A structure in which an air duct 9a is provided inside and an air duct 10b is provided outside the inner peripheral wall 2 of the chamber chamber 1 so that the temperature difference of the power generating element 3 can be more stably obtained.

The torque transmission efficiency can be improved by installing the electric motor 4 directly on the shaft of the turbine.

By installing a device 7 capable of holding thermal energy between the inner peripheral wall 2 and the outer peripheral wall 5 of the chamber 1 and the power generating element 3, the heat retaining effect can be maintained and the thermal difference can be stably obtained. .

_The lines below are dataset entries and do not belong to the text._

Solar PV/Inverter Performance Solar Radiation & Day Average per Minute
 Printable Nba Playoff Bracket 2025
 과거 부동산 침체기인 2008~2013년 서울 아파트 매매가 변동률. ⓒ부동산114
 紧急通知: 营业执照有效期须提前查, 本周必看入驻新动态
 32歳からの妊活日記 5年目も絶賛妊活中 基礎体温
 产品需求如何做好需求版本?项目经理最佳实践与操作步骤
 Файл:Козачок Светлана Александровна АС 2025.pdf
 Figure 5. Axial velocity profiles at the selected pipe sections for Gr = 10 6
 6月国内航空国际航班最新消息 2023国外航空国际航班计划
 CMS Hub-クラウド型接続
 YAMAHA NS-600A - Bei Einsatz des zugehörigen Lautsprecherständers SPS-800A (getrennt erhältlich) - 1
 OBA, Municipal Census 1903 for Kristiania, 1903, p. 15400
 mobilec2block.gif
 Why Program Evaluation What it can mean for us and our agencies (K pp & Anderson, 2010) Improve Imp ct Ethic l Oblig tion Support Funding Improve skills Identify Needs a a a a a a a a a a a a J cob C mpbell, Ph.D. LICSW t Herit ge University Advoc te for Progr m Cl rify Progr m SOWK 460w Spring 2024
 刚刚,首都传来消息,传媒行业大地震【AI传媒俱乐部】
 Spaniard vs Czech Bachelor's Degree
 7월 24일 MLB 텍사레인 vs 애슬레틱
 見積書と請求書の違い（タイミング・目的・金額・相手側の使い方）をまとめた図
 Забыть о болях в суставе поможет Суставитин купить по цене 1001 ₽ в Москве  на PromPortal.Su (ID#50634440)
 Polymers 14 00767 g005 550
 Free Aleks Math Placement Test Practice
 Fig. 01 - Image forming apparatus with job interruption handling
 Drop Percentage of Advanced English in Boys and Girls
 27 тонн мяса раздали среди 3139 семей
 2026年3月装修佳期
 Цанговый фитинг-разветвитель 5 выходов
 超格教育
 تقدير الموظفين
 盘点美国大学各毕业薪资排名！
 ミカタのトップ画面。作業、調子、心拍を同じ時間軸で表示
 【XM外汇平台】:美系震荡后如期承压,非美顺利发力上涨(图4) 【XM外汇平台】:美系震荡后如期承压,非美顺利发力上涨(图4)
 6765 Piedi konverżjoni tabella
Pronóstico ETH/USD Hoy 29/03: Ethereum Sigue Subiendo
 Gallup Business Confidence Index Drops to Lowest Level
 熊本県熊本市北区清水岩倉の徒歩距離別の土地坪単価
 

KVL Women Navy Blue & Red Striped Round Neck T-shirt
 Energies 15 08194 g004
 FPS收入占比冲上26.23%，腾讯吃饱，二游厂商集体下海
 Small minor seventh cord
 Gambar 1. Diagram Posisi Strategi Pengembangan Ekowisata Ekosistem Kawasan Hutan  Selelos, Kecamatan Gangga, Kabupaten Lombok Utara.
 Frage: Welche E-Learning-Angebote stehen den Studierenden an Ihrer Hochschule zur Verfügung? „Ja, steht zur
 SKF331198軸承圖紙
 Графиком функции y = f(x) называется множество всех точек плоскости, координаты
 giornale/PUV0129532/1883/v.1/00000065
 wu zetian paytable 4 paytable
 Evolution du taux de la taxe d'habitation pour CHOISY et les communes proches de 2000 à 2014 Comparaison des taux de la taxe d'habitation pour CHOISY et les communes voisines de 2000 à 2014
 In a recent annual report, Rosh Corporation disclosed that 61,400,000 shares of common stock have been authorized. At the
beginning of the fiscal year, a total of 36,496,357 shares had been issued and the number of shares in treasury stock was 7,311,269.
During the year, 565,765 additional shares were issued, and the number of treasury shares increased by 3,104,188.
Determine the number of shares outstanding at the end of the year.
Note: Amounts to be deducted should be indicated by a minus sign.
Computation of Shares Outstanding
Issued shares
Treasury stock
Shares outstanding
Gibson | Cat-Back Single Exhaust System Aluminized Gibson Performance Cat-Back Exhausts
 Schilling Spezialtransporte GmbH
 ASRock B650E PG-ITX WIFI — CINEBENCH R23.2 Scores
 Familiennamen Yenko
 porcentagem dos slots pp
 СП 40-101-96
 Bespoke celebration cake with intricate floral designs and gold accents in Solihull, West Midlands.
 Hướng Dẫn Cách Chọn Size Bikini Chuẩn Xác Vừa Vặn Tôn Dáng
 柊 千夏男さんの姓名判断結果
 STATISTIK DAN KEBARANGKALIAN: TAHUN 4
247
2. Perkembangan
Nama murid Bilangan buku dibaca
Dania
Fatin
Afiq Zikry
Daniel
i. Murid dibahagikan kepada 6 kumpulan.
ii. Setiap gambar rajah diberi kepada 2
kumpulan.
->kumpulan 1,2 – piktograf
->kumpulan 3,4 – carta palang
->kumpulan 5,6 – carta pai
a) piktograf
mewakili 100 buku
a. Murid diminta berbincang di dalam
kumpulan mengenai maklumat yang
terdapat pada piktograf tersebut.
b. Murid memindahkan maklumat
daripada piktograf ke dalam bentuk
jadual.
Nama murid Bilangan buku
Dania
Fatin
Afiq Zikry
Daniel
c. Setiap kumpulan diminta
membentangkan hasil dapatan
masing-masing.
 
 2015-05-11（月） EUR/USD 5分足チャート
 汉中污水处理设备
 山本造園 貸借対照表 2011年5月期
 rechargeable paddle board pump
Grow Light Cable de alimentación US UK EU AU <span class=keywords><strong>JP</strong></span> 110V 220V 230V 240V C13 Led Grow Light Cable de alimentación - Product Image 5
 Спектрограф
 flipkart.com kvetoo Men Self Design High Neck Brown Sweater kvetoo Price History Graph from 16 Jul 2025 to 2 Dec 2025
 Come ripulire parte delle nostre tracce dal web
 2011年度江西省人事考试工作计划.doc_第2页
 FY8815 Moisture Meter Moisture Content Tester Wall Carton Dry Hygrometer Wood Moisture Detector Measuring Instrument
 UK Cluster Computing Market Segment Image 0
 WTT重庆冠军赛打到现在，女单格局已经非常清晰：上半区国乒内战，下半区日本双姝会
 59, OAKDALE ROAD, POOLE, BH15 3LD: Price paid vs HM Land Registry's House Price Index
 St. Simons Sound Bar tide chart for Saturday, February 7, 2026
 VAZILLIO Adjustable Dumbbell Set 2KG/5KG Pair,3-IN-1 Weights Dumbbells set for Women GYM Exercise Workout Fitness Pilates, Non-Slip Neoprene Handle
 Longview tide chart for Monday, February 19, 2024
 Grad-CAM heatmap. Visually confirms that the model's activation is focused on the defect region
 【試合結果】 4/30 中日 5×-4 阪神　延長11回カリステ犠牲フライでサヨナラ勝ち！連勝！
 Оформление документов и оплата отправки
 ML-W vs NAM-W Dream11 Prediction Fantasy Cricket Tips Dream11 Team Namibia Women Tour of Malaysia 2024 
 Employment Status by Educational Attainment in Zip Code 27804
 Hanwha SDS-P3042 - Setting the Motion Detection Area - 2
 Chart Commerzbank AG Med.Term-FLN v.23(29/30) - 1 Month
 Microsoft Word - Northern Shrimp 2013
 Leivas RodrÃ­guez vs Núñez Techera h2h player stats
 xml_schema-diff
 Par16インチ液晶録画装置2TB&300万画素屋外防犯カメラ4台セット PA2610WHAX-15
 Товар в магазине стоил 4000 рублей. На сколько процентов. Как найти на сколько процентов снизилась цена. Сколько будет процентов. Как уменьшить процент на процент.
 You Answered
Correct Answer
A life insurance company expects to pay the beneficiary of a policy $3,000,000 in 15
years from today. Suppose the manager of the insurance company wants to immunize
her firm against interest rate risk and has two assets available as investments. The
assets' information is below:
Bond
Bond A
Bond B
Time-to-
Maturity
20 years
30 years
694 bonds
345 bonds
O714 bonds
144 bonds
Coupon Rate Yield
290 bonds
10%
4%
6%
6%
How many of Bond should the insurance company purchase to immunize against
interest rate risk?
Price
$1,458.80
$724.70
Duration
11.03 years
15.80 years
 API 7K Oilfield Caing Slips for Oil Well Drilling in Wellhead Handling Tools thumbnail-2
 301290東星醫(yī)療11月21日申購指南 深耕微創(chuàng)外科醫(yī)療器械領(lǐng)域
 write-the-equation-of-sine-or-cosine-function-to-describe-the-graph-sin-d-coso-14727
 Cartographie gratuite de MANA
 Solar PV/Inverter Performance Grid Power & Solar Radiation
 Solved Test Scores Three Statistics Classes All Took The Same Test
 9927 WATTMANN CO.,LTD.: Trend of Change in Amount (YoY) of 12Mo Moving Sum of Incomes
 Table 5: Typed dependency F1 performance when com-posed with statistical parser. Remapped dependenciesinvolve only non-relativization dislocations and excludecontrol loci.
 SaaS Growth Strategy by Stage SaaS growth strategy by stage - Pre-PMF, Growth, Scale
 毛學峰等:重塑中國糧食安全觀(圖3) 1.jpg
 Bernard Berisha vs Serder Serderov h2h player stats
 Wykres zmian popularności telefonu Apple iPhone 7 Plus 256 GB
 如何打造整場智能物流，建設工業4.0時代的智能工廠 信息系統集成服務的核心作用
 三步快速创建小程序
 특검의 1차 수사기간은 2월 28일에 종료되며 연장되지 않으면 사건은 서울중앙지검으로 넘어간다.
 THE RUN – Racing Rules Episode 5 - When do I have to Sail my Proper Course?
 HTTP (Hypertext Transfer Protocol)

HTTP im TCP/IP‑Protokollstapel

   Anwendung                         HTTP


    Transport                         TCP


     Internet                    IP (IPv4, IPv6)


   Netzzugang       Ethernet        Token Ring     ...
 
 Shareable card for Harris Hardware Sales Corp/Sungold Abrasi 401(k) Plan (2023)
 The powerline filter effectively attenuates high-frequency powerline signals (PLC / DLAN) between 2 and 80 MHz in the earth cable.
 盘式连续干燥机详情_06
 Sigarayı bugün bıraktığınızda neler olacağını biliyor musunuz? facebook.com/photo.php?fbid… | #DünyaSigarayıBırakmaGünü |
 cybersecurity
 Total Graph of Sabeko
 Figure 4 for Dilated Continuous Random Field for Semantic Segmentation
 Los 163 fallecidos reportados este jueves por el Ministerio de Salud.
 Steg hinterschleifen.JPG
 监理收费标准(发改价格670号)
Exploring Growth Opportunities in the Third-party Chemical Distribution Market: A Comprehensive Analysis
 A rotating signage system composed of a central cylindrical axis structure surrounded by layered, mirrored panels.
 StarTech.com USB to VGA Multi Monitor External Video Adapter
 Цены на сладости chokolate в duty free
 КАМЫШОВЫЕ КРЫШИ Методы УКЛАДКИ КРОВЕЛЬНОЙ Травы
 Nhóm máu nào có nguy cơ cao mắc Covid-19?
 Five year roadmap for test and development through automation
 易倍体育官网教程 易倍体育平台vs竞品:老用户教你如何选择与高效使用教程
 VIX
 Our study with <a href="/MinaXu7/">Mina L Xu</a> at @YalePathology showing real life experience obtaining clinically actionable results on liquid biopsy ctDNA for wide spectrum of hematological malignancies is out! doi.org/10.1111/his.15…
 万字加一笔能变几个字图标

As an effect of the present invention, the thermal energy cannot be effectively used in the conventional jet engine (because the volume and weight cannot be increased) depending on the use conditions. Use of the obtained thermal energy as part of the propulsion energy of the jet engine without changing the volume and weight of the engine, by stabilizing the gap, installing an air duct, and using a power generating element and an electric motor together with the jet engine can do. Therefore, the energy saving effect can be sold.

[0013]

[Brief description of the drawings]

FIG. 1 is a sectional view of a jet engine combining a power generating element and an electric motor.

[Explanation of symbols]

 1 chamber room 2 chamber inner peripheral wall 3 power generating element 4 electric motor 5 chamber outer peripheral wall 6 air vent fan 7 water tank 8 water jacket 9a air duct 10b air duct 11 partition

Claims (6)

[Claims] 1. An apparatus capable of obtaining a greater temperature difference between power generating elements (Peltier elements, free mist elements) on the outer peripheral wall by attaching an air duct outside the chamber chamber and the outer peripheral wall. 2. An apparatus in which an air duct is provided at the center of a turbine to stably maintain a temperature difference between power generation elements in a chamber chamber and a peripheral wall. 3. An apparatus capable of increasing the transmission efficiency of rotational power of a turbine by directly attaching an electric motor to the shaft of the turbine. 4. An apparatus capable of maintaining a thermal disparity effect by a heat retaining effect by installing a device capable of storing thermal energy between a peripheral wall of a chamber, an outer peripheral wall, and a power generating element. 5. An air duct fan in a turbine room for improving cooling efficiency and propulsion. 6. An apparatus characterized in that it can be handled in the same manner throughout a gas turbine.